The Province should also work with businesses, municipal governments, public health and economic development departments, and other agencies to build the capacity needed to bring local food infrastructure back to Ontario.
A review of regulations that hamper small food enterprise could also lead to the creation of new jobs in Ontario. In rural, suburban, and urban parts of the province, entrepreneurs are finding unclear and outdated, intelligence-challenging regulations that don’t affect health, safety, or the environment, but hamper their ability to undertake a business venture.
PC MPP Ernie Hardeman has launched a survey of food processors, asking what regulations are causing headaches and to determine how the sector can be better supported. Some regulations don’t work for small-scale local enterprises and have resulted in closures. Governments need to be leading or supporting, not hindering the local economy.
Finally, the government can create jobs by investing in our communities, as has been proposed by the Green Party. Community food solutions from social entrepreneurs and non-profit organizations are forming healthier communities through community development programs, food literacy, and local economic development. Their work is often high-impact but low-budget. Governments have been largely missing in action, and must engage more closely with this on the ground work.
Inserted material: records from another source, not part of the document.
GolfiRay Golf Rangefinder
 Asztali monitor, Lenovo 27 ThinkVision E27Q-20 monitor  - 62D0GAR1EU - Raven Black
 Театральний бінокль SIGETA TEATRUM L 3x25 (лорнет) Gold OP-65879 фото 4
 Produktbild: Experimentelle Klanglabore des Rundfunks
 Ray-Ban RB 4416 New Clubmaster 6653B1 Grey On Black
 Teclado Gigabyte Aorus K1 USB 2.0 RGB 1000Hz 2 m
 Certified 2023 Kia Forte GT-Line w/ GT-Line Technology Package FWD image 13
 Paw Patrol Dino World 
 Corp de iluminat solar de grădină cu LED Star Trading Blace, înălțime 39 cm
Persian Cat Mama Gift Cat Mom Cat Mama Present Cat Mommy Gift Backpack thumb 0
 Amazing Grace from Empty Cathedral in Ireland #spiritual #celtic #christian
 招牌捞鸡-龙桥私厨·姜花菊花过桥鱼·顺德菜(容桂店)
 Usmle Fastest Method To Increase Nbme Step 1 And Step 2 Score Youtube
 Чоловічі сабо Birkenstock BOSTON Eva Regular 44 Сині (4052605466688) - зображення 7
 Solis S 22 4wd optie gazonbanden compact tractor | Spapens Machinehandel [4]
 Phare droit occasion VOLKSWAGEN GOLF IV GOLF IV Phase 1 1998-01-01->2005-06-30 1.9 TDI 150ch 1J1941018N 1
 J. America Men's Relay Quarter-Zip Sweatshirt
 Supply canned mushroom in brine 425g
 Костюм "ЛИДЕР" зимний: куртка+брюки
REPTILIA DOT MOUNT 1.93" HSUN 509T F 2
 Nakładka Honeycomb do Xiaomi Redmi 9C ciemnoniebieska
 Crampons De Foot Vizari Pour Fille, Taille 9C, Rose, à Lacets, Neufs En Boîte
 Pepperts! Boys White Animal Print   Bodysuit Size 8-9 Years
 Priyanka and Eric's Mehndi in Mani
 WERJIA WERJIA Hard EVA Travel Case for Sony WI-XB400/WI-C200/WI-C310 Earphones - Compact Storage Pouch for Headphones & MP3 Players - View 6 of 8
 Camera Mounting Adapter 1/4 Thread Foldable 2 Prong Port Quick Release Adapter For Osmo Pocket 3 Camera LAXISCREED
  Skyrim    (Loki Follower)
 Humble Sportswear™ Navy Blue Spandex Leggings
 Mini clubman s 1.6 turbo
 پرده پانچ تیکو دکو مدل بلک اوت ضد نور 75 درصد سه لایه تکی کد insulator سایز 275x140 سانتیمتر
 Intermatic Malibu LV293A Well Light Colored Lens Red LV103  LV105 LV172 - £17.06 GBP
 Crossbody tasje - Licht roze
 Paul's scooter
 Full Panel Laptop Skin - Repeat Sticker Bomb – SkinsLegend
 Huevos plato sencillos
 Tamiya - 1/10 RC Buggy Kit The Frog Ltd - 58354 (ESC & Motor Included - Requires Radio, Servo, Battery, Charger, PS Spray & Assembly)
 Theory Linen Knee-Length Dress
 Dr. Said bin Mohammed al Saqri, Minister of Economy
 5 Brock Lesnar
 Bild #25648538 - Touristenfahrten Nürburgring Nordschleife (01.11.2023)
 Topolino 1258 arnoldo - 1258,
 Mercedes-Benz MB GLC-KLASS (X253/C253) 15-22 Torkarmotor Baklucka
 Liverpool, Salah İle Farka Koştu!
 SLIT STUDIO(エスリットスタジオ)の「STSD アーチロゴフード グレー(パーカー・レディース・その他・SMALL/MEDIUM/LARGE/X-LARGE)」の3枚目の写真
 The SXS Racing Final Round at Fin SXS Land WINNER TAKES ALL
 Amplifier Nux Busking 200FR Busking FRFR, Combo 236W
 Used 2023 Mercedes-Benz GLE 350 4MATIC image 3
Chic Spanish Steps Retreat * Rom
Providing stable community grants and funding to this work would be money well spent in creating good food sector jobs. Shifting a relatively small funding pool through in any of a number of ministries could be used by organizations to implement preventative health solutions while creating multiplier social and economic effects. Young people are ready with the skills and passion to work in this area and to show results.
By focusing on strong good food procurement and capacity, better regulations, and community funding, we can create healthier urban centres alongside more vibrant rural communities. The quicker we act, the sooner we see more people employed in this most critical sector.